Jane Thumbs Down: Once this money goes into the general fund the final accountability that the $16 million raised is spent in exactly the way it was sold to voters gets a bit murky. It is a common discretion of General Fund uses. Let's say, for example, that there is already $16 million being expended from the General Fund that goes to all the categories of expenses listed below. When asked for proof of where this money has been expended it is a bit too easy to hand over the old list of expenditures and say that $16 million was spent on these items. Technically true, if misleading, unless the designation is new expenditures. Rather an easy distinction to request but one often forgotten once the ballot passes. Citizen committees assigned to oversight are a comforting idea but generally toothless if they are politically appointed citizens or gutless because the citizens do not have the management background to look for general funding manipulation. (See the blog Colorado Spending Transparency for more background). Of course, political oversight, may also leave open the discretion to spend this money on real places of need. These are the place that most voters never understand the need of, or approve, because voters tend to focus on emotional issues.
• PURCHASE TEXTBOOKS, COMPUTERS AND OTHER INSTRUCTIONAL
RESOURCES REQUIRED BY STUDENTS AND TEACHERS FOR HIGHLY
EFFECTIVE, HIGH-QUALITY ACADEMIC INSTRUCTION;
Jane Thumbs Up: Each student should have their own textbook. It is a sense of identity and it is a sense of pride in knowing the community cares enough about their education to support it.
Teachers should be trained and the rapid advance of technology into the classroom requires continual training--especially for the aging teachers who haven't been brought up in the technology world. Sorry for the age crack but it is true. Not a personal slight just a matter of circumstance.
Highly effective, high-quality academic instruction is a great buzz term for selling this deal to the public. Looking at the foundation and kicking the tires is even better. These terms imply a fiscal relationship in the purchasing process. The Board is indicating that management is going to make the most cost effective choice possible that produces high-effective, quality results. Therefore the assumption is that the Board has created a governance rubric that will allow them to follow up that management has done what has been indicated, and, the objectives have been met. Just what were those objectives anyhow? Specifically. I'd like to hear more about that rubric. Let's keep this in mind when those test scores get released the next three years.
Jane Thumbs Down: Textbooks are on their way out. Kindle and other technology programs that will replace the need for a textbook are on there way in. These are not deployed in Greeley Colorado yet so the Board's request still makes sense. But the Board should also keep in mind that it will need to come back in half a handful of years and ask voters for the money to change those textbooks into individual technology devices/readers.
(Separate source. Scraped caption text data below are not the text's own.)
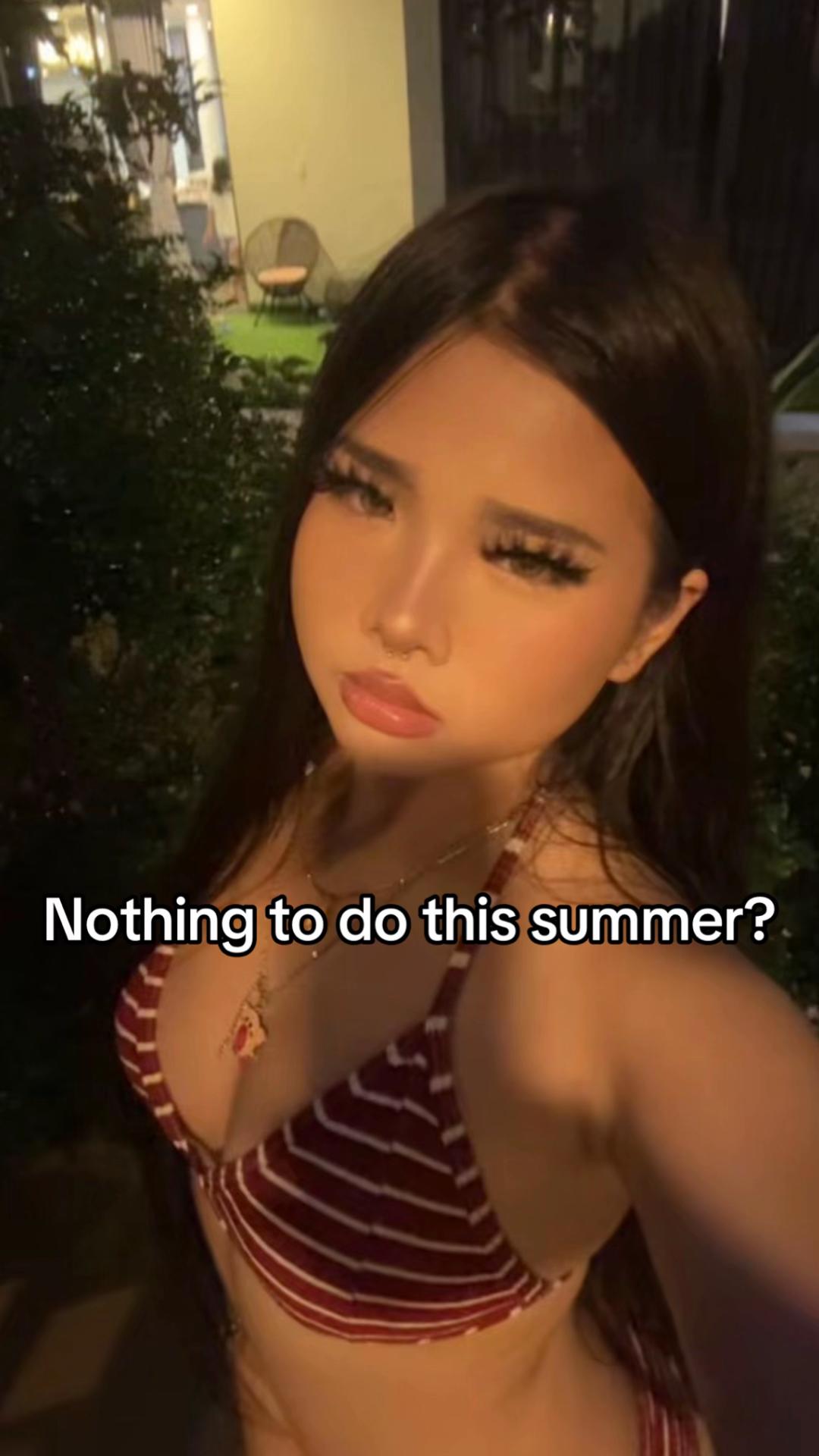 @frownedd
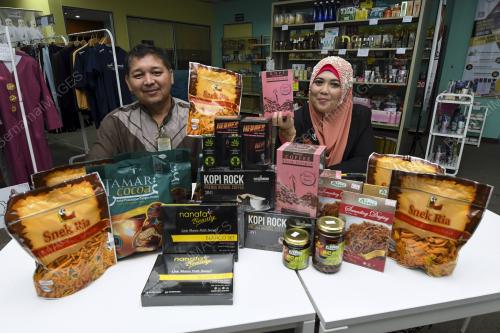 KL63_03112017_PRODUCT_TEMPATAN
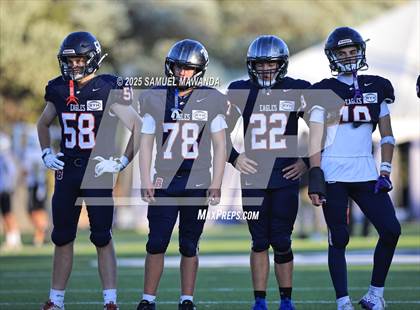 Thumbnail 1 in Oak Park @ Brentwood School photogallery.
Current training for teachers, from what I have seen of it this summer, is weak and often of a lesser value quality than it should be. Plus teachers often skip out on these trainings, talk, or snooze through them. The trainings, some of them, are not taken very seriously likely because they do not add quality and useful content to the teacher's repertoire. This can stem from a variety of causes including teacher burn-out and apathy towards management. On the other hand there is management's apathy toward paying for valuable content and lack of investment in making a high quality training plan that can be an issue also.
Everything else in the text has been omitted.